*** Begin section ***

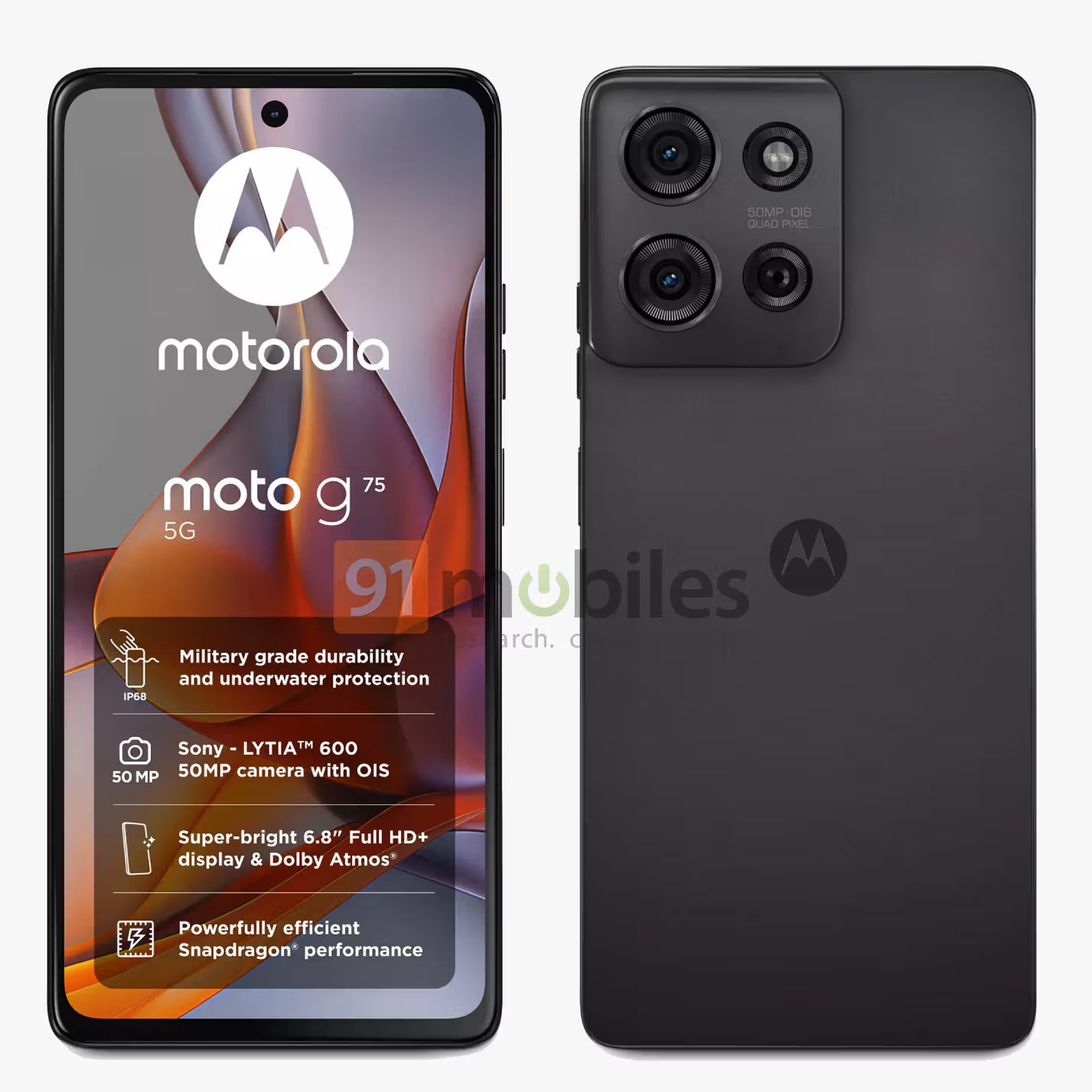 Moto G75 leaks in two colors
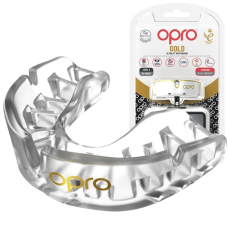 Капа OPRO Gold дитяча (вік до 10р.)  Clear (art.102505007)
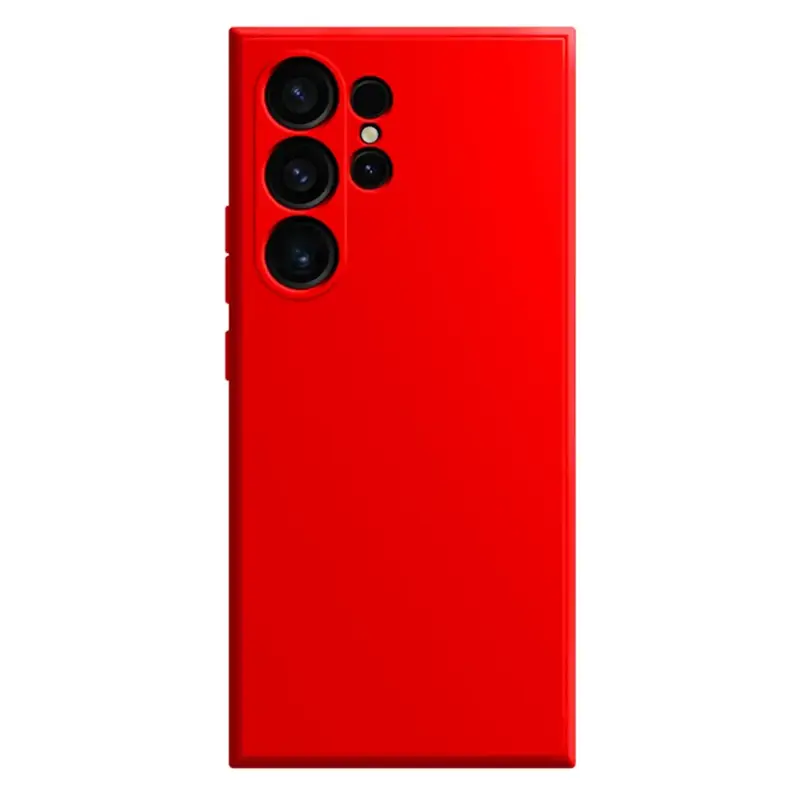 Samsung Galaxy S24 Ultra Silikonikuori - Punainen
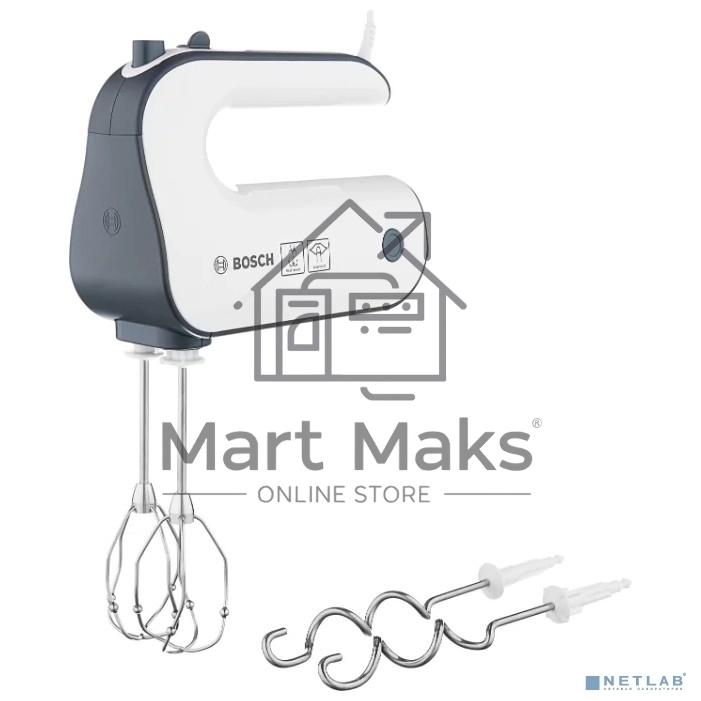 Миксер ручной Bosch MFQ4020 450Вт белый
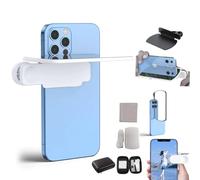 Kit de clip de réflexion pour appareil photo de smartphone, lentille à effet miroir, verre HD réglable, miroir à rabat pour smartphone, accessoire de photographie compatible avec la plupart des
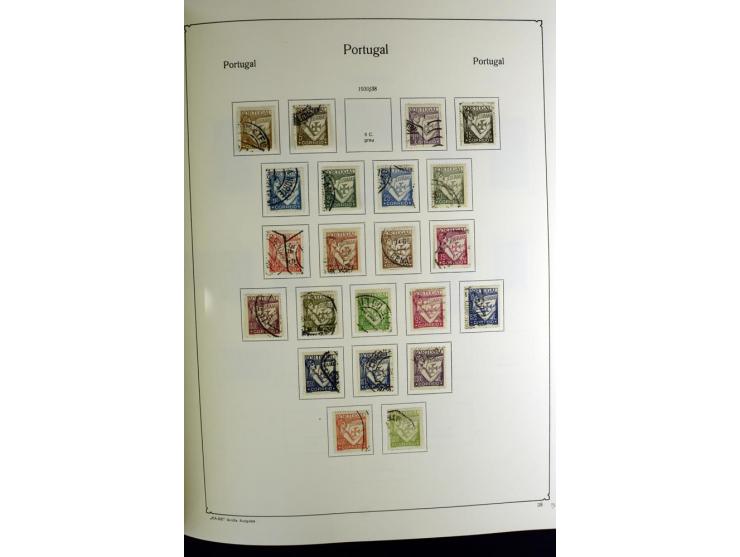1853/1981, gestempelte reichhaltige Sammlung mit vielen guten Werten und Sätzen wie Mi.-Nr. 1, 3, 4, guten Blocks etc.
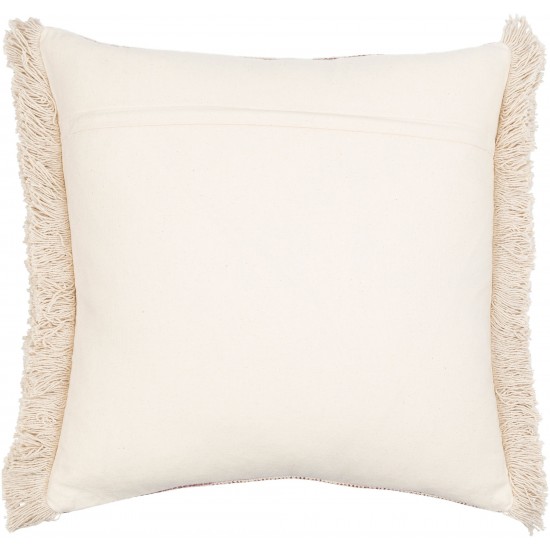 Surya Zendaya Burgundy Pillow Shell With Down Insert 20"H X 20"W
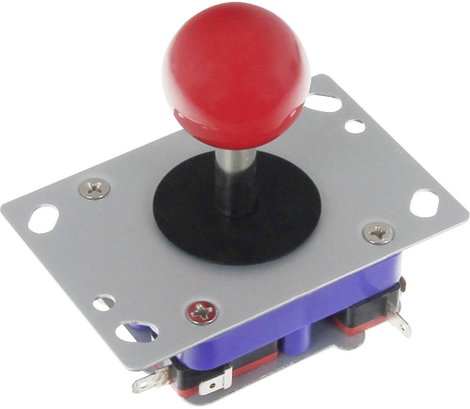 Joy-it Arcade Joystick professional 8 Beviteli eszköz Alkalmas (egykártyás számítógép) Arduino, Bana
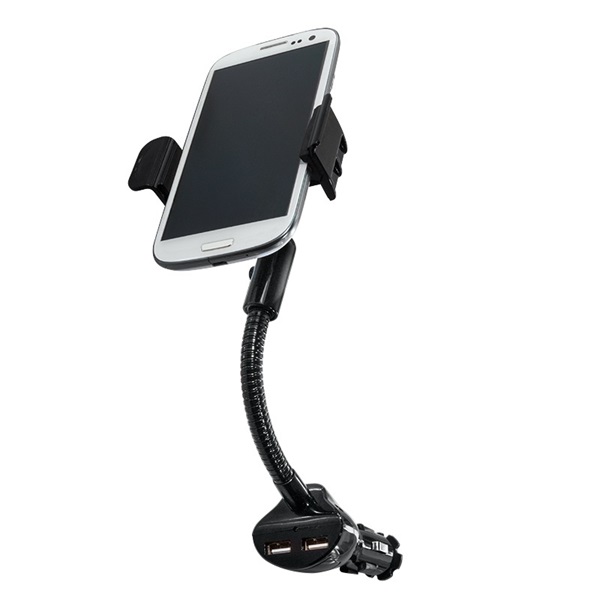 Logilink PA0121 okostelefon autós tartó és töltő, 15,5W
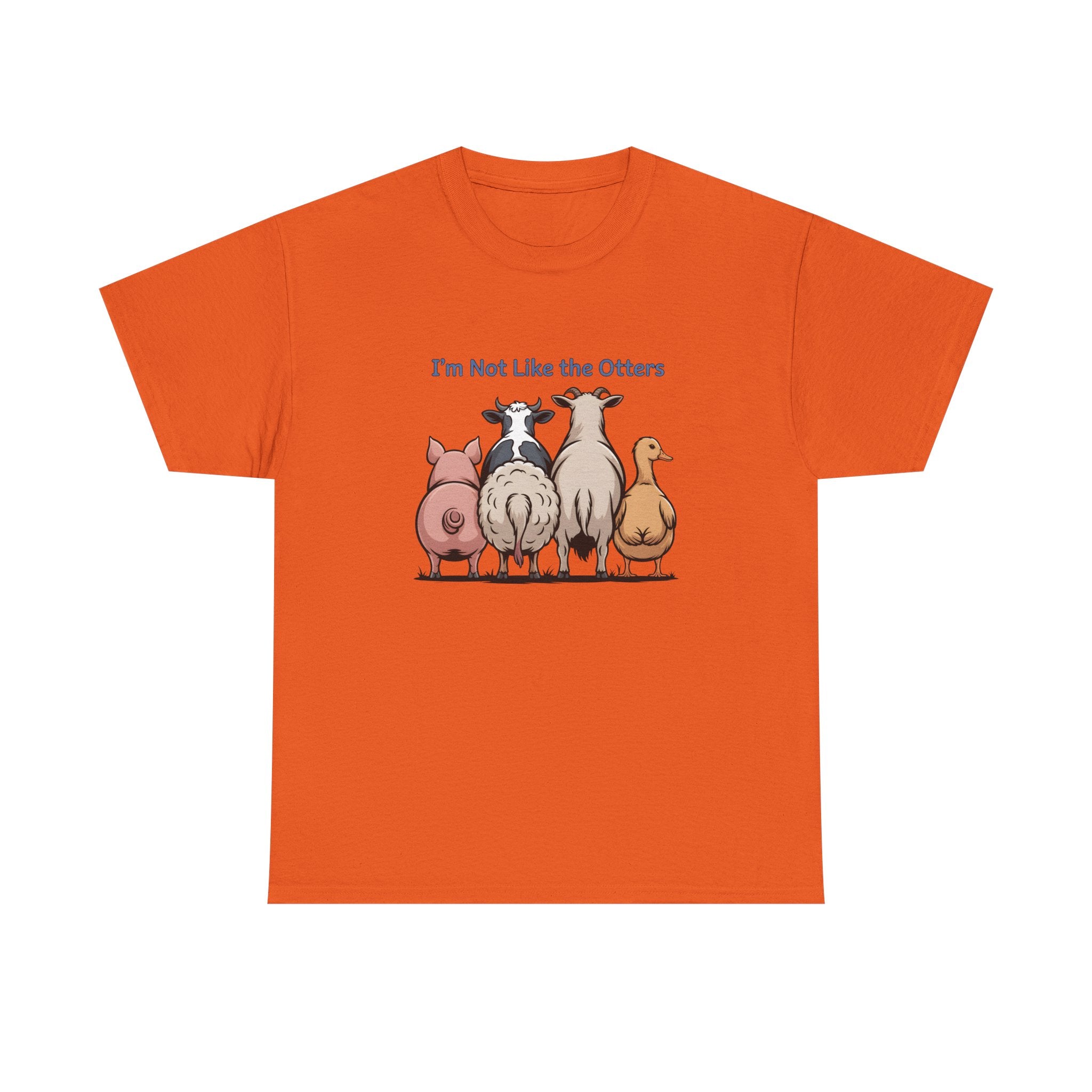 Funny Farm Animal Tee — "I'm Not Like the Otters" Graphic T-Shirt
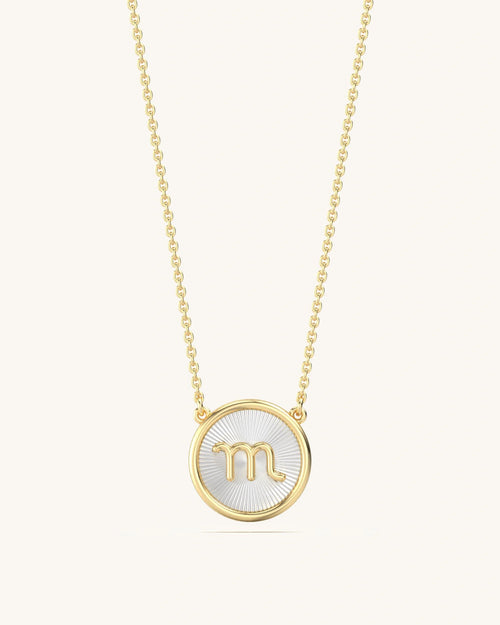 Scorpio Gold Necklace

*** End section ***

All of the entries above should be copied exactly, except for the pictures.

 Moto G75 leaks in two colors
 Капа OPRO Gold дитяча (вік до 10р.)  Clear (art.102505007)
 Samsung Galaxy S24 Ultra Silikonikuori - Punainen
 Миксер ручной Bosch MFQ4020 450Вт белый
 Kit de clip de réflexion pour appareil photo de smartphone, lentille à effet miroir, verre HD réglable, miroir à rabat pour smartphone, accessoire de photographie compatible avec la plupart des
1853/1981, gestempelte reichhaltige Sammlung mit vielen guten Werten und Sätzen wie Mi.-Nr. 1, 3, 4, guten Blocks etc.
 Surya Zendaya Burgundy Pillow Shell With Down Insert 20"H X 20"W
 Joy-it Arcade Joystick professional 8 Beviteli eszköz Alkalmas (egykártyás számítógép) Arduino, Bana
 Logilink PA0121 okostelefon autós tartó és töltő, 15,5W
 Funny Farm Animal Tee — "I'm Not Like the Otters" Graphic T-Shirt
 Scorpio Gold Necklace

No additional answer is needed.